Types of Graphs

I hate to break it to you, but all graphs are not created equal. I realized this recently, wrote an article, and had my computer crash. The article vanished, but I’m determined to get this idea on the web. It’s a simple but interesting concept.


This is a companion discussion topic for the original entry at http://betterexplained.com/articles/types-of-graphs/

Interesting take on graphs. After reading the title, I was hoping that you were going to explain logarithmic graphs. Maybe in a future article?

typo: “time spend”

Thanks for the tip, I just fixed the typo.

Logarithmic graphs would be a great follow-up topic, thanks for the suggestion. (By the way, I’ve written more about the natural log here: http://betterexplained.com/articles/demystifying-the-natural-logarithm-ln/ in case anyone wants a refresher.)

Two cautions about your comments on representation of waves: your employment of the word “amplitude” differs from the standard technical usage. What varies is not the amplitude but what the Wikipedia figure labels “displacement.” “Amplitude” is generally used to denote the maximum value of the displacement (or electric field strength or whatever other quantity is “waving”). That’s why the figure shows amplitude by drawing a line under a peak, rather than some other arbitrary location.

The other quibble I have is that when I think of that graph as representing a classical light wave (in which case we replace “displacement” with “electric field”) I consider BOTH the peaks and valleys to be where the field is “strongest.” Suppose we’re looking at linear-polarized light and the vertical axis is some component of the electric field. The difference between the peaks and valleys is NOT that the field is weaker in the valleys, it’s that it has the opposite direction. If I were to say the field is “weakest” anyplace it would be where the wave intersects the horizontal axis. But even then I have to remember that the magnetic field component (directed either into or out of the page) is at its greatest magnitude for those points.

Hi John, thanks for the comment! I agree with both points, I was being loose with the terminology. Amplitude (max) vs. displacement (current) is a good distinction.

Also, I agree light is not “weakest” in the valleys – it’s simply the most negative (measured with respect an arbitrary positive/negative distinction). I’ll make the corrections in the article – appreciate the feedback!

more detail of graph making lesson.

I would like to hear about logarithmic graphs as well. And what is the criterion for using log-log graph paper vs. semi-log graph paper? Thank you very much for your article on the demystifying of the natural logarithm, by the way.

@Anonymous: Thanks for the comment, that’s a good idea for a future article. You’re welcome for the ln article, it was fun to write.

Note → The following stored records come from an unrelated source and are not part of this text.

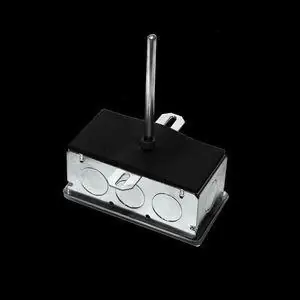 TempSens CP Duct 12" GV Today Only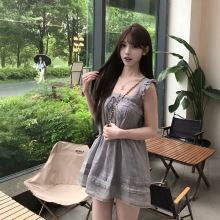 ��ʽ�����L�{��ɫС�w���B��ȹŮ�ļ��ٽzƴ�Ӊ��޴��Ќ���A��ȹ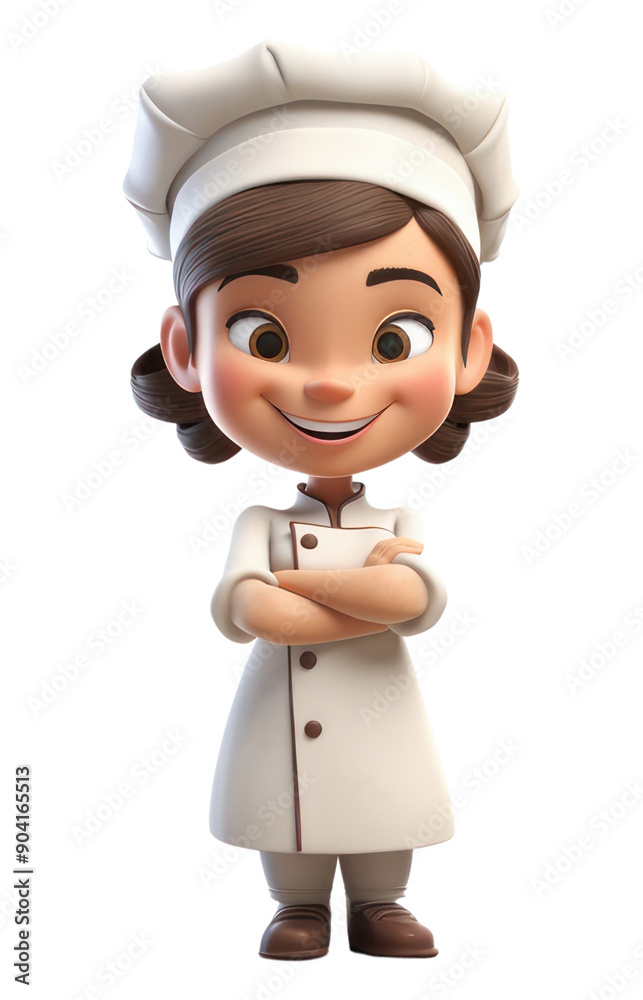 PNG Figurine white background stethoscope physician. PNG Figurine white background stethoscope physician.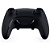 Controle Sem Fio Dualsense Edge Ps5 Preto Original Pro - Imagem 7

thanks!!! hmmm,what are the uses of each different types of graphs?

You should probably include some simple statistical graphs such as frequency polygon graphs, histograms, ogives, and so on.

Damn, the buttons are sensitive. I’m not even done.

You should probably include some analogies for the light wave graph, if not for all of your “lessons”.

E.g, “where the strength of a particle varies with distance and shows other wave properties,” kind of like how uncontrollable or varied it is the amount of force acted while you are running. Left leg could stomp hard, while the right leg use much less than that, and moves on like a cycle. The reverse could also happen “, but just hang with me for the sake of example.”

There. I know there is a flaw somewhere, though…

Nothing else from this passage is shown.